The long expected interest hike in United States has ultimately come true. Signals of such a policy move were evident for quite a long time, giving ample time for countries like India to be well-prepared for any eventuality.
However, the time has come for an emerging economy like India to be conscious and cautious of external shocks to the domestic economy.
The interest rates in United States hit rock bottom in 2009 in the wake of recession. The US economy is now on fast-track recovery. Unemployment rate is at a low level of only 5 per cent.
America lost 8.7 million jobs during the recession, reports The Economist. It has since gained 13 million jobs. Thus low unemployment rate is an indication of recovery from the debilitating recession. Similarly, wages which remained stagnant for long started showing an upward trend.
But, the increase in wages is also due to decline in rates of labour participation. For instance, the labour force participation in US among 25 to 54 year olds in the third quarter of the year was lower than at any time since 1984. Low inflation is cited as another reason for hiking the interest rates.

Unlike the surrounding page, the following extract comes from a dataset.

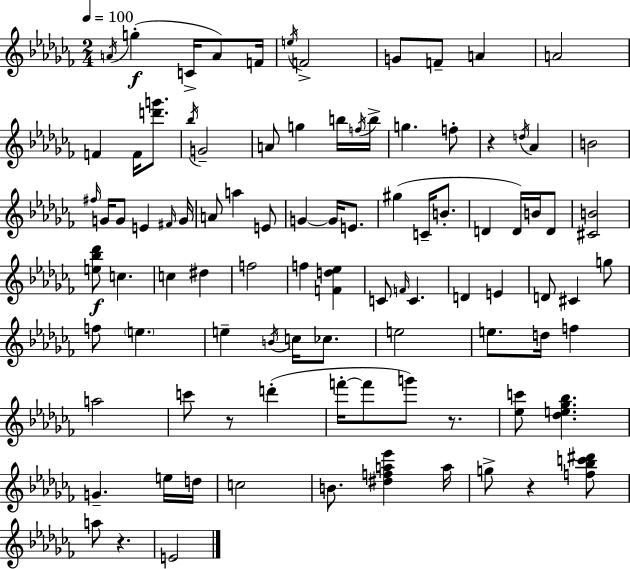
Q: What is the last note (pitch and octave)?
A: E4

But, this fall in inflation is more due to unprecedented slump in global oil prices and fall in demand due to recession itself. Further fall in oil prices is unlikely. Thus the expectation of a further hike in interest rates is tricky.
The lesson for India is to be vigilant rather than unduly disturbed. This seems to be mood in the official circles, too, as is evident from the reaction of Chief Economic Advisor to Government of India. Arvind Subramanian said, “The impact of the US interest rate hike should be minimal in India as the country is relatively well cushioned.”
But, the invincibility of Indian economy to global monetary and economic signals need not be over exaggerated. This was the mistake India did when it interpreted the immediate post recession recovery as a sustainable one only to witness sluggish growth rate in the subsequent periods. The questions over the resilience of our economy to such global changes are due to structural factors in world economy and Indian economy.
The world economy is still characterised by industrialised economies like US at the centre and emerging and other developing economies at the periphery with centripetal forces operating on global finance capital flows. The rate hike signals recovery in US economy.
Such hopes could trigger capital flight from emerging economies like India due to centripetal forces causing a predatory impact on our domestic economy. The increased influence of foreign institutional investment (FII) on our economy, the greater share of short-term debt in overall external debt, negative impact on our exports due to possible currency depreciation owing to strong dollar and imports induced by unbridled conspicuous consumption etc., make the Indian economy vulnerable to such global external changes.
India should further improve its economic fundamentals to insulate itself from Fed-related volatility. The emphasis on domestic savings, domestic investment and domestic market and reducing dependence on butterfly or footloose capital is essential. India should thus convert the threat into an opportunity through an economic policy course correction.